Coprosma rhamnoides (also known as twiggy coprosma or red-currant coprosma) is an endemic shrub in New Zealand.  It forms a small shrub up to 2 m tall. The leaves are very small, simple and variable in shape. The inconspicuous flowers are unisexual and believed to be wind pollinated.  It is widespread in occurrence and can be the dominant small leaved divaricating shrub in some locations

Description 
It is a dense shrub. which can sprawl over rocks.  It is typically less than 1 metre tall. with thin, divaricating branches.  This gives a distinct twiggy appearance which accounts for the common name ‘twiggy coprosma’.

The leaves are leathery and matte with a glabrous lamina which appears reticulate on the underside where it may also be pubescent.

The opposite leaves are often in bundles with very short petioles and are 7 – 12 mm long.

The leaves are variable in size and shape.  This can depend on maturity. The common broad shape leaves are orbicular. The leaves narrow quickly into the pubescent petiole.   The hairs continue onto the lower area of the leaf ).

The almost microscopic stipules at the base of the leaves are also pubescent with a sharp denticle at their apices.   
 
The branches are small, about 10mm in diameter  and numerous, which makes the shrub dense.  The branches are rigid and growing in many directions which creates the twiggy appearance.  The bark is a reddish brown colour, and when scratched, it exposes a yellow/green colour.

The flowers are small and borne in the axils. Both male and female corollas comprise four lobed petals. The male petal is 2.7mm, whereas the female is 1.3mm long  and are more narrow and funnel shaped.  The male has four stamens.

The fruit are fleshy, globose berries, of a crimson or ruby red colour distributed solitarily along the branchlets.

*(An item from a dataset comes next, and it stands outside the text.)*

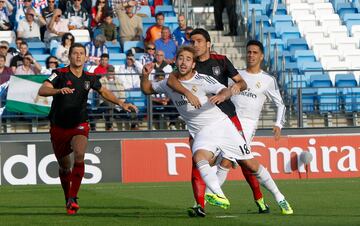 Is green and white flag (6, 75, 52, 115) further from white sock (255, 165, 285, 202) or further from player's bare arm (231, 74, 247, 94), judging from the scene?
white sock (255, 165, 285, 202)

Geographic Distribution and habitat

Natural global range
The Coprosma rhamnoides species is endemic to New Zealand, meaning it is found nowhere else in the world apart from New Zealand

New Zealand range
The coprosma rhamnoides is found throughout all of New Zealand, from Northland to Stewart island.  Furthermore, it is common throughout, apart from a few areas.  These areas are Otago, Southland, and the Fiordlands.   Notably, the species is hardly found in coastal areas, it is far more common inland.

Habitat preferences
The coprosma rhamnoides prefers lowland areas, including the lower ranges of mountains.  The habitat preferences is around the edges of forests or in shrubland.   Furthermore, the species has a notable preference to grow as understorey vegetation of Leptospermum (Manuka) and Kunzea.  It is not common, in coastal areas, it prefers to grow far inland.  This suggests that low salinity areas, provide optimum conditions for the coprosma rhamnoides.

Life cycle/Phenology
The coprosma rhamnoides has a small seed with fleshy red berry surrounding it.  The seedlings  start to appear after two/three months   Once the shrub is grown, small flowers occur.  This would be during Spring time from September to October.  The flowers are wind pollinated.   Soon after, in November, the flowers turn into small green berries.  These red berries ripen and turn red by June the next year.   Once they are red, the berry is now ripe, and encompasses only two small seeds inside it.  The berries can remain on the shrub, and over ripen as they turn a crimson or black colour.

Environmental Conditions 
The coprosma rhamnoides species grows inland, where the surrounding conditions are low salinity.  Saline soils are not preferred by the twiggy coprosma.  Ideal soil conditions have a neutral pH for the shrub to grow.  Apart from that, this shrub is well known to be very hardy.  It can grow in the most hardy conditions, under high wind and weather exposure.   The shrub can grow in sunny or rainy environmental conditions

Predators, Parasites, and Diseases 
The coprosma rhamnoides is preyed upon by many species.  Geckos and skinks are common herbivores of the berries.  They eat the berries at night time.  Birds such as kererū, tūī, korimako (bellbird), stitchbird, and weka will eat the berries by day.  Lastly, rats will eat the berries too.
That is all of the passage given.